Eastside Community Garden
The SPC Eastside Community Garden is a civic engagement project focused on educating students and the community on urban gardening that started in Fall 2015 located at 1715 N. Center St. (near the 500 block of N. Walters St.).
Garden Work Days
Student volunteers participate on work days to enhance the community garden. Emphasis will be placed on increasing the growing capacity and variety of edible produce grown in the garden as well as improving existing infrastructure to improve utilization of the resources available.
Students that participate in the work days provide the work necessary to see the benefit of the food produced by this garden. They worked in the garden alongside the community gardeners and master gardeners to learn how to plant each type of vegetable seedling, how to plant seeds, how to compost, how to mulch, how and when to water, and so much more.
The community garden demonstrates superb collaboration among faculty of several disciplines.
- General biology students,
- nutrition students,
- electronics students,
- anatomy students
- and chemistry students
Culinary, math, allied health, construction, sociology and nursing faculty have already expressed the desire to participate.

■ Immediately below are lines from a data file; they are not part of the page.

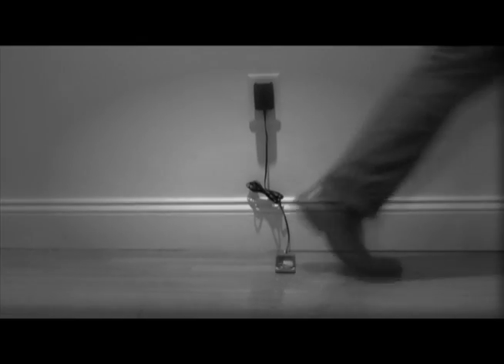Tired of stepping on your cell phone or MP3 player while you walk through your house? Tired of dropping your cell phone on the floor? Tired of not knowing where to put your car keys? Are you always looking for your remote control? You need the Socket Pocket.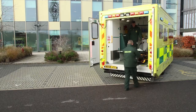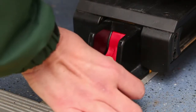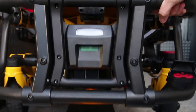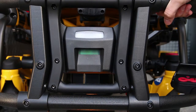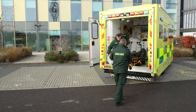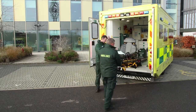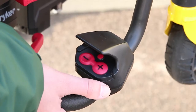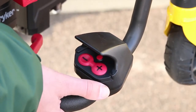To unload the stretcher, press and hold the red release lever at the foot-end of the PowerLoad. The PowerLoad will raise slightly, indicating that it has been activated and is now supporting the weight of the stretcher. Guide the stretcher out until the head-end LED indicators turn solid green, indicating the stretcher is ready to be lowered and taken away from the vehicle. Locate the control panel at the foot-end of the stretcher.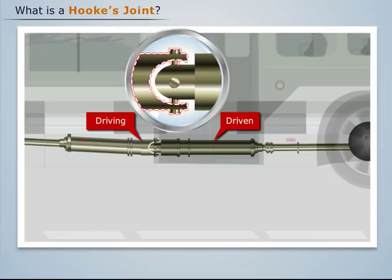One arm of the cross is joined with the fork end of the driving shaft, while its other arm is joined with the fork end of the driven shaft.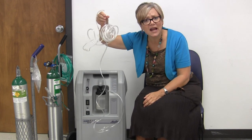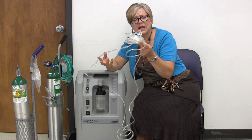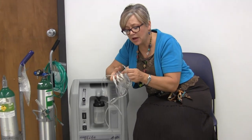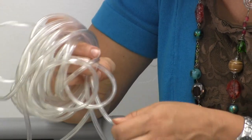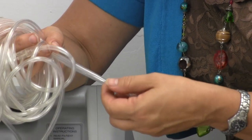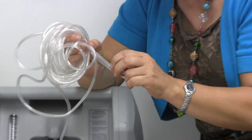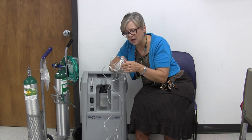Tubing! It can get wadded up in a ball, it gets kinks in it — look at that kink right there. That's no good. Sometimes you just have to work it and pinch it back out to get the air flowing through there. Sometimes you're just going to have to get a new set of tubing, because once that area is kinked really well, it'll just kink again on you. You've got to look — maybe they really aren't getting oxygen.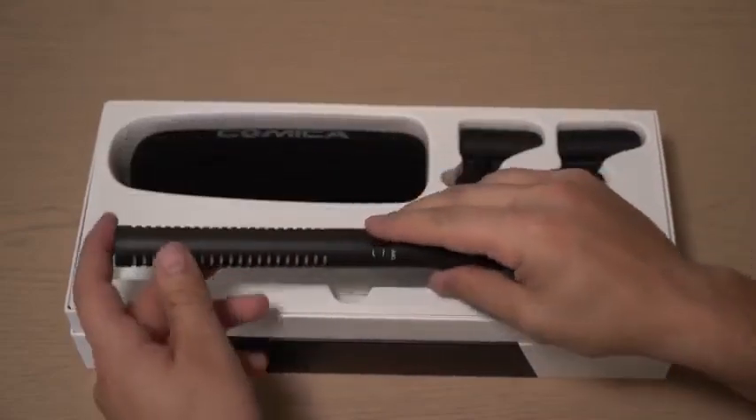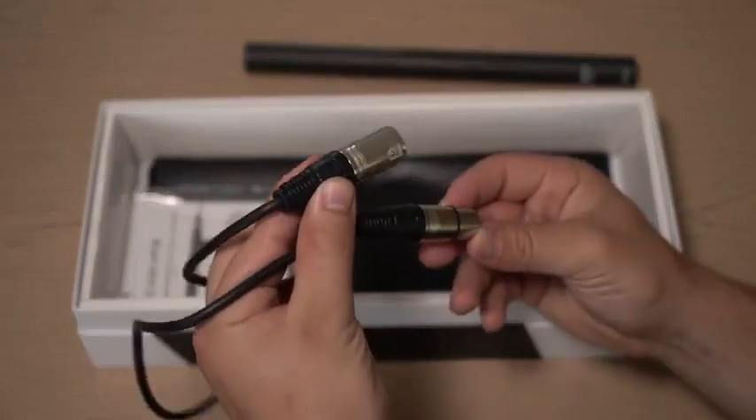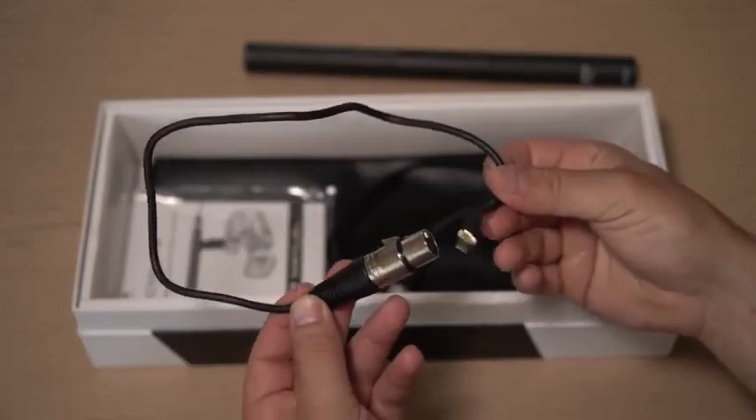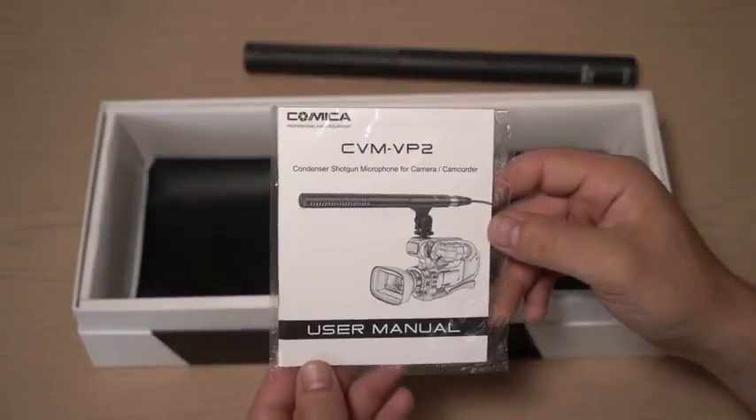And of course, we have the microphone — we'll talk more about the mic in just a second. On the lower level of the box, we have two different cables: an XLR to XLR and an XLR to 3.5 millimeter auxiliary jack cable. We also have a carrying pouch and our warranty information.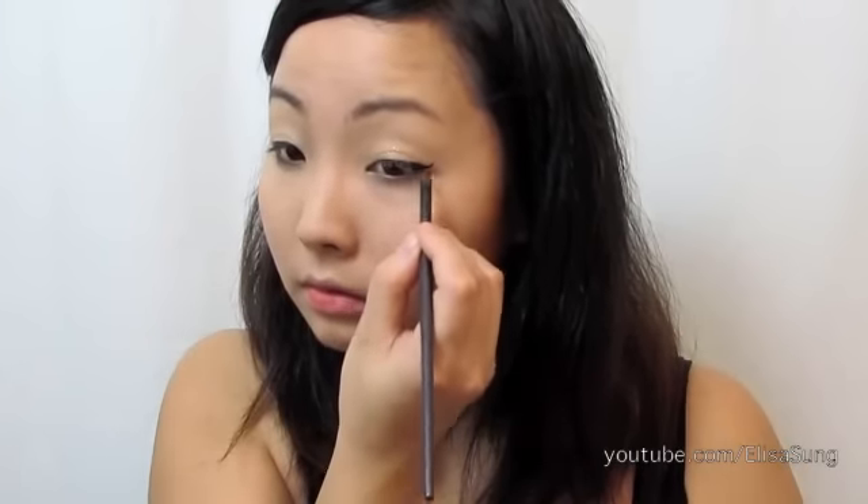Next, I'm going to grab a gel liner using Maybelline Gel Liner and we're just going to line our eyes. You really want to extend out the outer end of your eye. It's very cat-eye, but don't make it go upwards — just straight across. You want to extend rather than lift.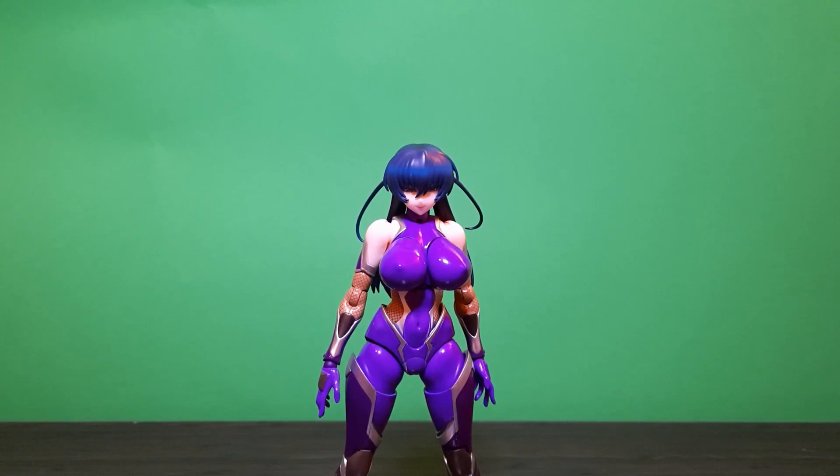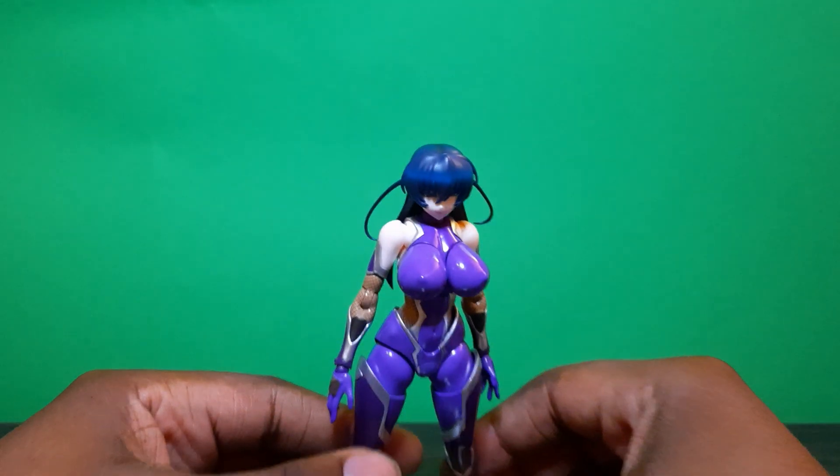It's your boy Fictional Arts, and I'm coming at y'all with a figure review of the Taimanin Asagi Igawa Second Axe Native figure. It's been a long time coming, but it was worth the wait. This is obviously my figure of the year — the most amazing figure that has ever been made. I'm not gonna ramble on too much but I just gotta get that out there.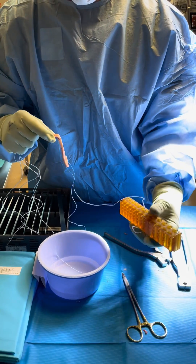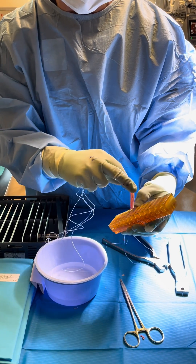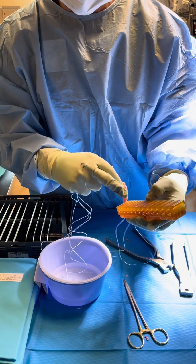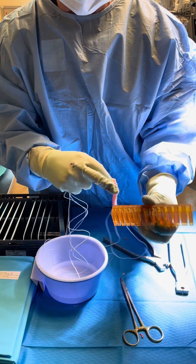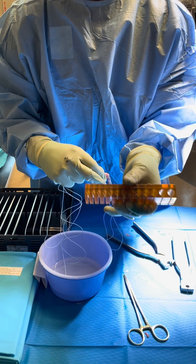This is how we determine the diameter of the graft here. This has got sizes from 6 millimeters all the way up to 12 millimeters. Typically we aim for about a 10 millimeter graft, and you can see we pull the graft through these little tunnels here, allowing us to approximate the size.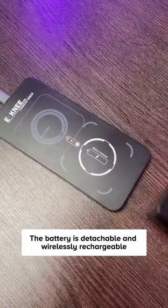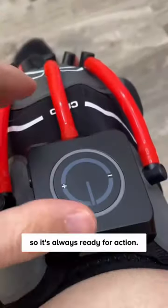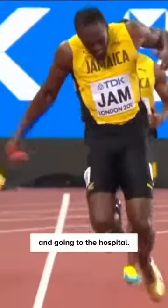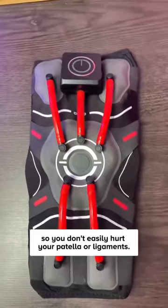The battery is detachable and wirelessly rechargeable, so it's always ready for action. To be honest, this might cost a little bit, but it's definitely way better than getting injured and going to the hospital. It really supports full protection around the knees so you don't easily hurt your patella or ligaments.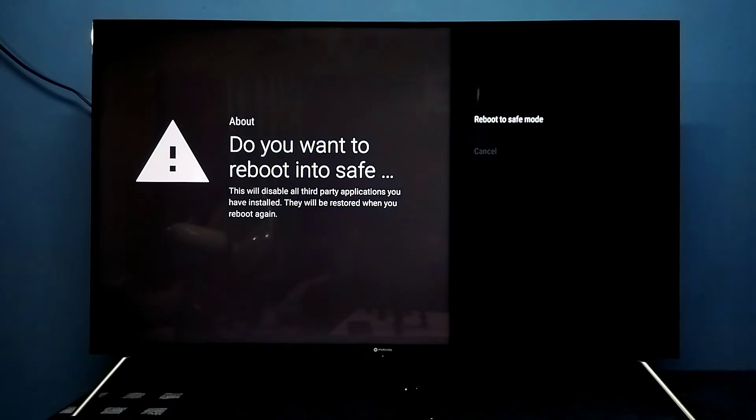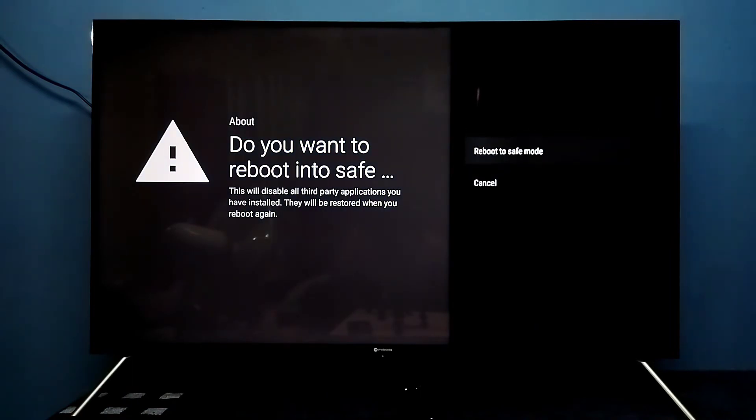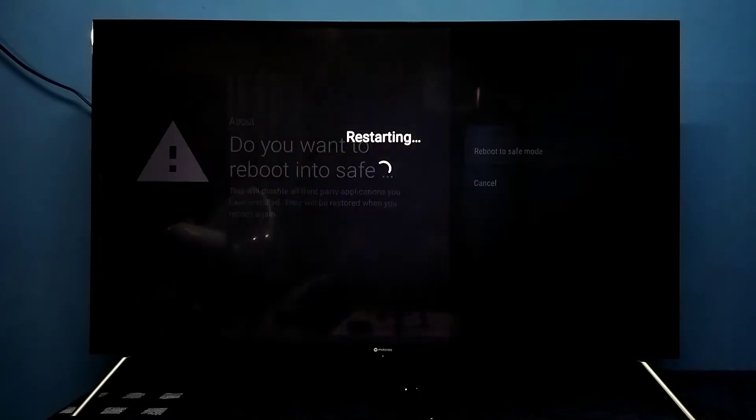On the restart screen, press and hold the OK button on the remote, then select Reboot to Safe Mode. This will disable all third-party applications you have installed — they will be restored when you reboot again. Now selecting Reboot to Safe Mode — it's rebooting, please wait.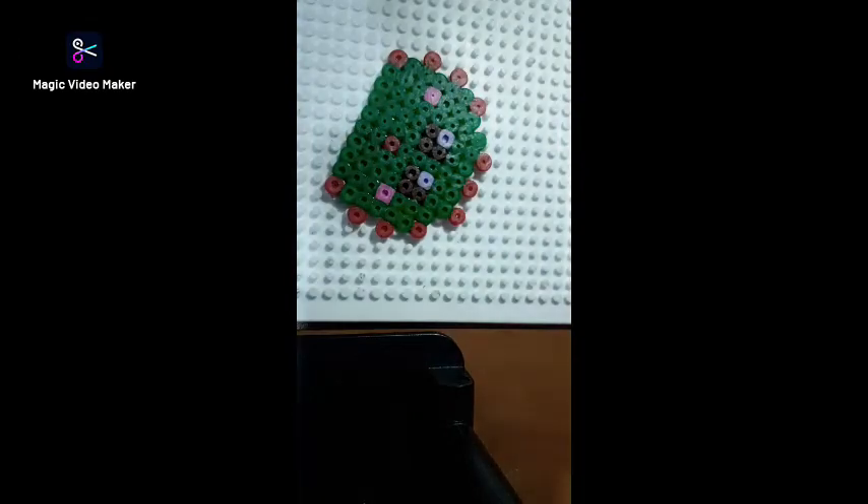Okay guys, so now we're done ironing our cactus and it looks so beautiful. Hello, I'm Katoi!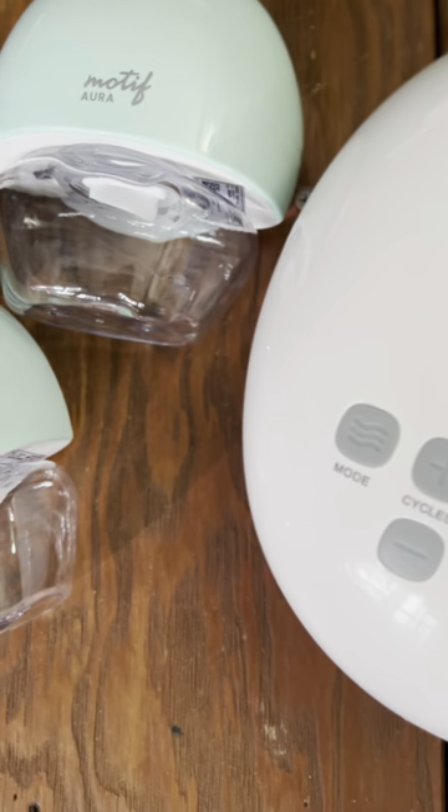Everyone is different and some say a wearable pump is just as good as using an electric pump. You may find that both are great to have around — more tools in your toolbox. And pair that with a nursing bra that can help support and keep your pumping parts in place. You can learn more at motifmedical.com/blog.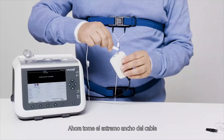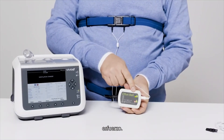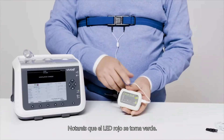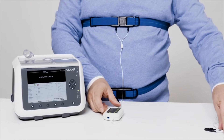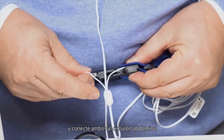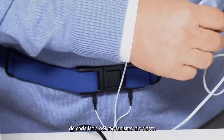Now take the white end of the wire and connect it to the red connector of the effort belt box.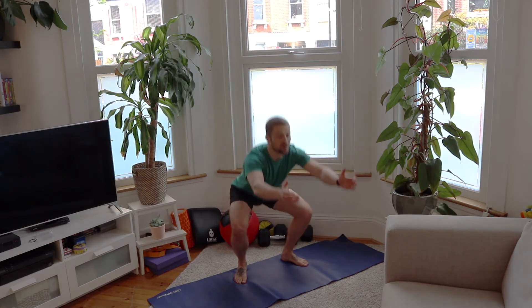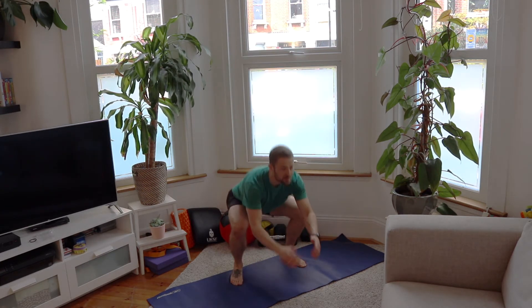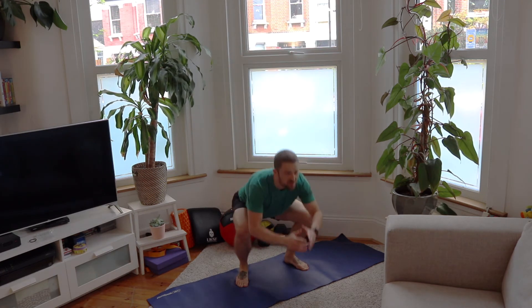A pulse squat jump means that you build up kinetic energy, aligning over the toes with a little pulse at the bottom, and then explode up. The idea is that you're generating more momentum with that little pulse, recycling the energy and then being explosive from that deep position. This is an incredibly tough but rewarding exercise.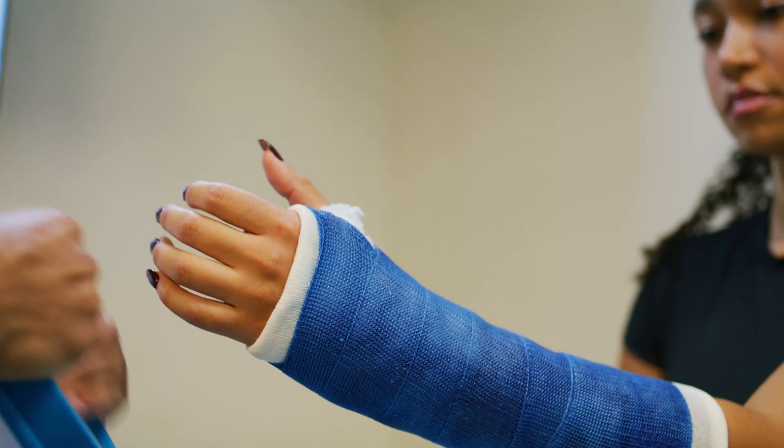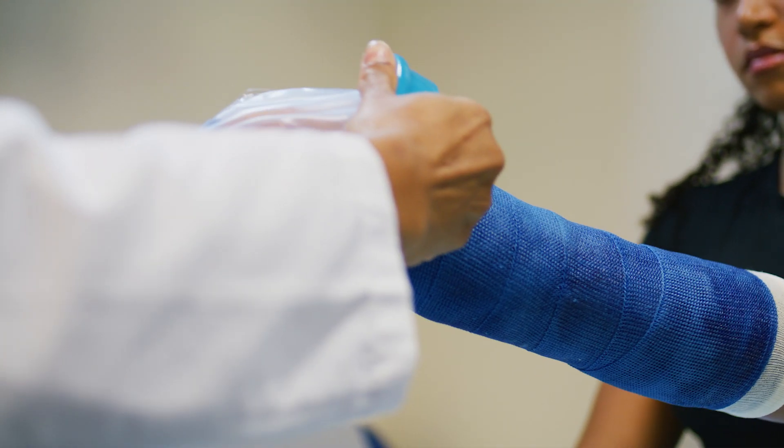Check the skin around your cast or splint regularly and never stick an object inside the cast to reach an itch, as it may get stuck. Always use two layers of plastic or a purchased cast cover to keep your cast dry in the shower or bath.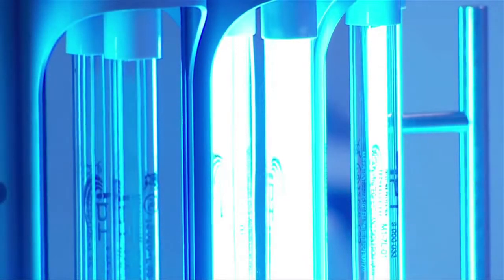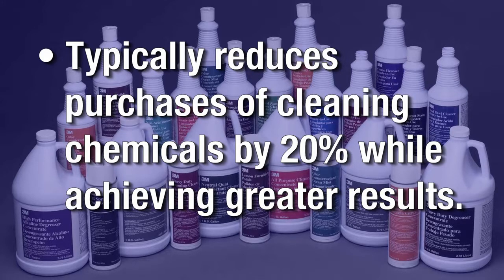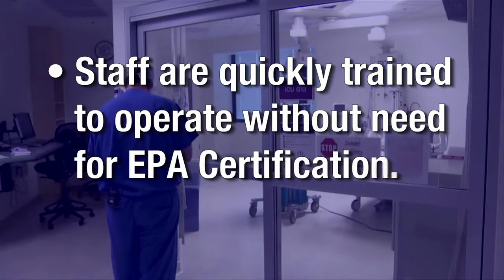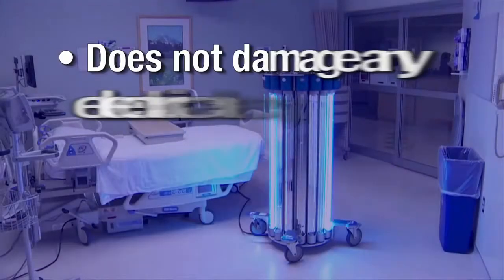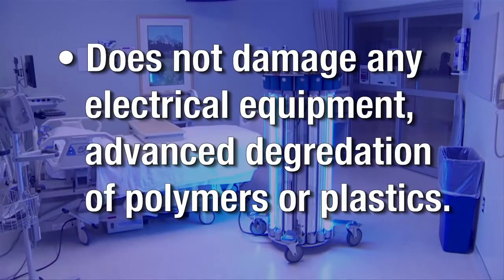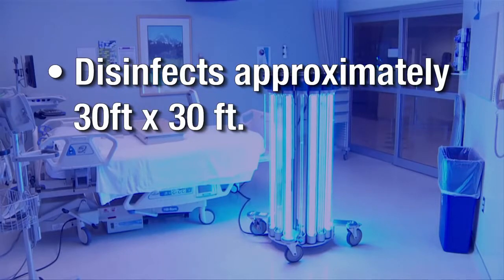Some other benefits of using IRIS are a reduction in the purchase of cleaning chemicals by an average of 20% while achieving greater results. Staff are quickly trained to operate IRIS without the need of EPA certification. IRIS does not damage any electrical equipment or cause advanced degradation of polymers or plastics. One IRIS unit disinfects approximately 30 feet by 30 feet.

Service Learning has been deeply involved from the very beginning.
What You Will Learn
The project emphasizes knowledge on various methods for growing plants and will soon grow to include hydroponics and aquaponics. The Natural Sciences Department recently acquired a Plant growth chamber which will allow propagation of seeds. The students will be able to see a variety of ways to grow foods from the seed to the harvest stage.
The garden has several community partners, including Green Spaces Alliance, Antioch Baptist Church (which owns the land), the Center for Excellence in Science and the neighborhood gardeners. The interaction between students and the various partners is beneficial, especially the wisdom shared by the older gardeners with our students.
Grant funding will provide materials for additional raised beds, to include the timbers, soil, mulch and installation of a drip irrigation system. Funds would also be used to provide water and light refreshments to the students on Garden Work Days.